Nous l’avons considéré d’abord en lui-même, dans sa constitution essentielle d’acte volontaire, au sens parfait de ce mot, et selon qu’il appartient exclusivement à l’homme, parmi tous les êtres du monde matériel; mais aussi sous l’aspect plus général d’acte commun à l’homme et aux autres animaux. C’était le double traité de l’acte humain proprement dit et des passions. Puis, nous avons abordé ce qui avait trait aux principes de l’acte humain. Ces principes, considérés d’abord sous leur raison de principes intérieurs, se ramenaient, pour nous, dans cette partie de notre étude, aux seuls habitus, plus spécialement aux habitus d’ordre opératif, qui se subdivisaient en deux grands genres : les habitus bons; et les habitus mauvais. Les premiers, appelés aussi du nom de vertus, pouvaient être d’ordre naturel ou d’ordre surnaturel; et, dans l’ordre surnaturel, ils comprenaient, en même temps que des vertus infuses correspondantes aux vertus naturelles acquises, des vertus absolument transcendantes, principe de tout dans cet ordre, servies elles-mêmes par un nouveau genre d’habitus achevant de perfectionner l’homme en vue de sa vie divine. C’étaient les vertus théologales et les dons du Saint Esprit. Après une étude aussi approfondie que complète sur tout ce qui regardait les habitus mauvais ou les vices dans leurs natures, leurs causes et leurs effets, nous abordions la considération des principes extérieurs de l’acte humain, limités à la loi qui dirige et à la grâce qui secourt.

Nous connaissons maintenant toute la structure de l’acte humain.

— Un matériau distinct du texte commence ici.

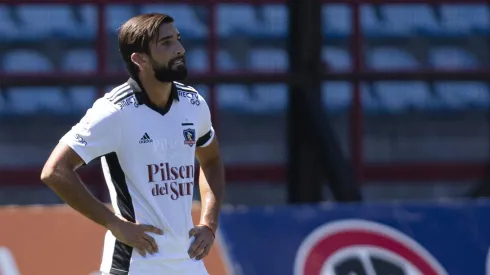 Emiliano Amor con la camiseta de Colo Colo. Pronto podría verse de nuevo esa imagen.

Or, il est une pensée souverainement importante, qui se dégage pour nous, au terme de cette étude. Elle était, du reste, marquée par saint Thomas, dès le début de cette Partie comme devant la commander tout entière, ainsi qu’elle continuera de commander ce qui nous reste à dire, dans une seconde subdivision, de l’acte humain considéré dans le détail de ses espèces. C’est la pensée de la fin. La structure de nos actes et par suite toute notre vie se mesure à la fin qui y préside. Cette fin aurait pu être d’ordre simplement naturel. Dans ce cas, elle eût consisté dans le bien de l’homme selon que le requiert sa nature d’animal raisonnable. Rien de plus. Et parce que sa nature d’animal raisonnable, quelque excellence qu’elle lui donne sur les êtres inférieurs de la création, le laisse à une distance quasi infinie de la nature angélique, intelligence pure, sa vie humaine, quelque parfaite qu’elle eût pu être, même en supposant l’homme créé et maintenu dans un état d’absolue intégrité, eût été comme une ombre de vie au regard de la vie angélique, même laissée elle aussi dans son ordre purement naturel. Qu’eût-elle donc été par rapport à la vie de Dieu!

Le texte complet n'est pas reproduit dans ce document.